On 8 Apr 2018, at 10:55, Richard Frith-Macdonald 
<richard.frith-macdon...@theengagehub.com> wrote:
> 
> 
> 
>> On 6 Apr 2018, at 11:00, David Chisnall <gnus...@theravensnest.org> wrote:
>> 
>> It would probably help catch more bugs if we made use of NSString’s 
>> class-cluster nature more in -base.  I have just fixed a bug in GSString 
>> where we were checking one object matched a particular class before 
>> dereferencing the _flags ivar of the other.  I caught this because the other 
>> was a GSTinyString, which is almost never a valid pointer.
> 
> Possibly, but performance *is* an issue here.  The NSString code was 
> rewritten some years ago (moving away from them use of class cluster 
> features) as a result of extensive profiling of real-world applications which 
> were running too slow, precisely because NSString methods are very heavily 
> used in real apps.  At the time somethjing like 20% of the CPU was wasted in 
> method dispatch overheads (the -characterAtIndex: method is one of the 
> cluster primitives and a major culprit) but there were also performance 
> issues due to buffer allocation and copying of internal representations.  The 
> changes made a substantial improvement in general performance as well as 
> causing multipler orders of magnitude improvement in a few pathological cases.
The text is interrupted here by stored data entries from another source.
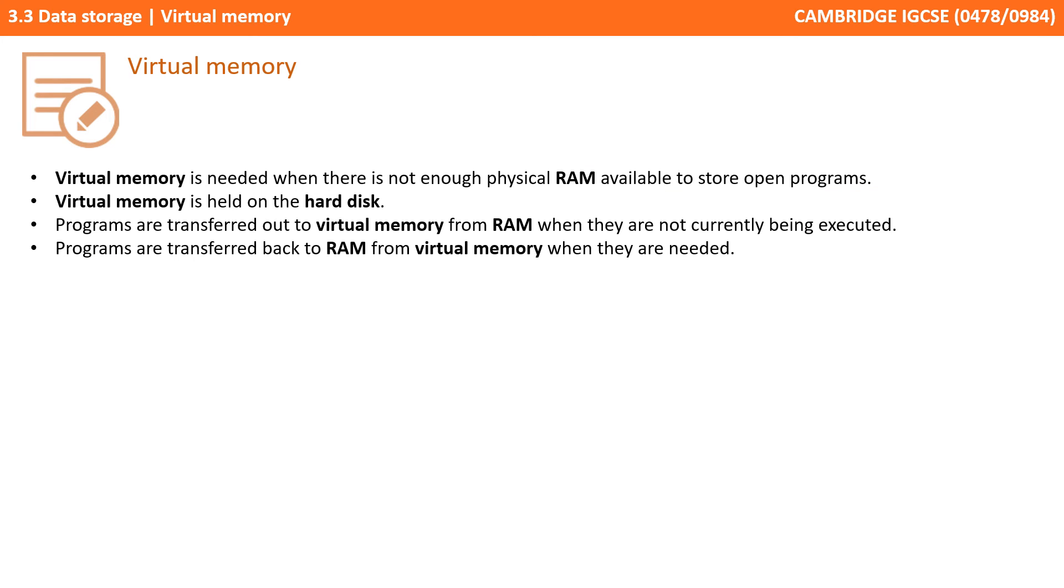So, let's recap. Virtual memory is needed when there's not enough physical RAM to store the open programs. Virtual memory is held on the hard disk. Programs are transferred out to virtual memory from the RAM when they're not currently being executed, and programs are transferred back to RAM from virtual memory when they're needed.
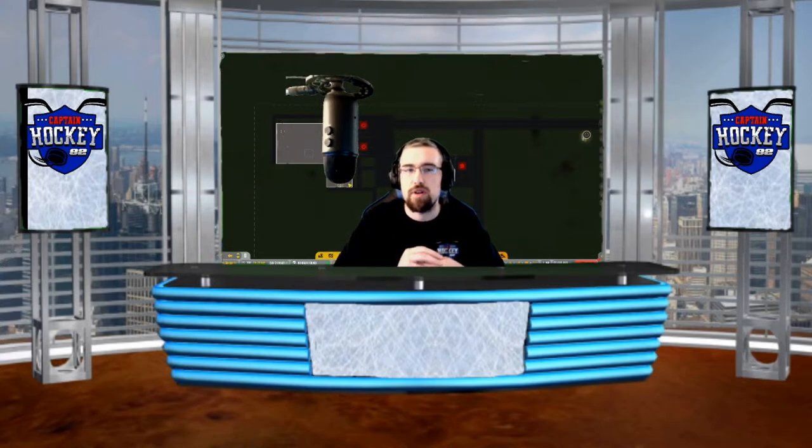What's going on guys, it's CaptainHockeyAde2 back here with another video on Airport CEO.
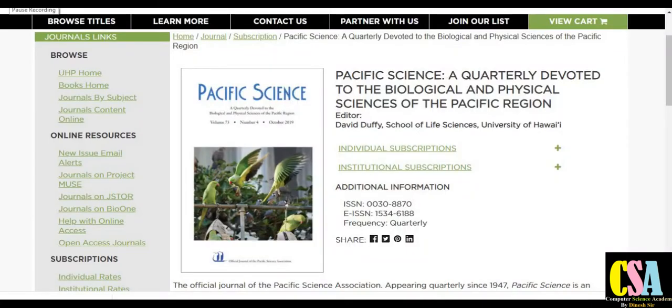Hello friends, welcome back. Hi, Dr. Dinesh. Welcome to you all. In this video, we will discuss about the multidisciplinary journal and interdisciplinary journal.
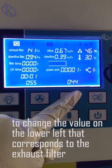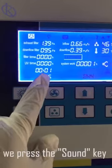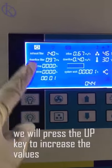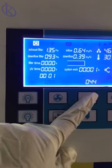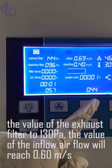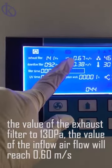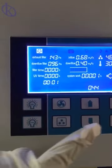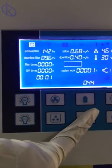To change the value on the lower left, which corresponds to the exhaust filter, we press the sound key. As in the previous step, we press the up key to increase the values. By raising or lowering the value of the exhaust filter to 130 Pa, the inflow airflow will reach 0.60 m per second — that is, 0.53 to 0.54 in the lower value of the screen.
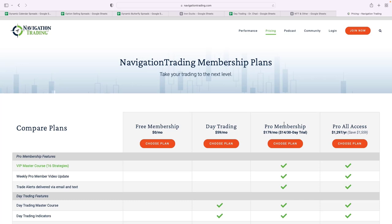It's $179 a month. There is still currently a 30-day trial for $14. That's going to be going away, so if you're interested in just checking it out, make sure you do that soon because the price of the pro membership is going to be going up and the trial is going to be going away.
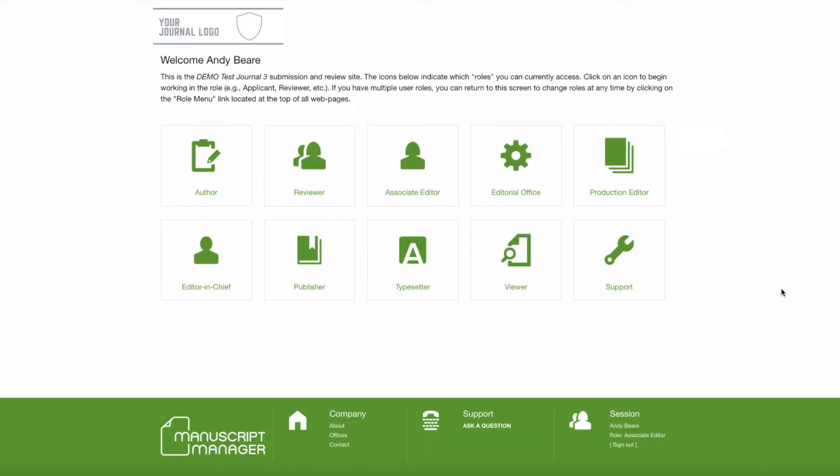Hello everyone, this is Leah from Manuscript Manager and welcome to our Associate Editor Searches for Reviewers tutorial. This video is meant to showcase the updated search for reviewer options current in Manuscript Manager as of March 2018.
I agree that we should be improving performance for critical code, but 
unfortunately it appears that we have done so at the expense of correctness in 
a number of places.  As per my other email, 
-rangeOfComposedCharacterSequenceAtIndex: appears to give the wrong results in 
almost every nontrivial case, and is unfortunately one of the primitive methods 
for a lot of things.

I also note that a lot of the NSString method implementations are not well 
optimised.  In a number of places, -characterAtIndex: is called repeatedly, 
when -getCharacters:range: is normally significantly more efficient.  The ICU 
UText interface provides something very similar to -getCharacters:range: as its 
primitive method (a callback that fills a buffer with UTF-16 characters) and 
has some carefully optimised routines.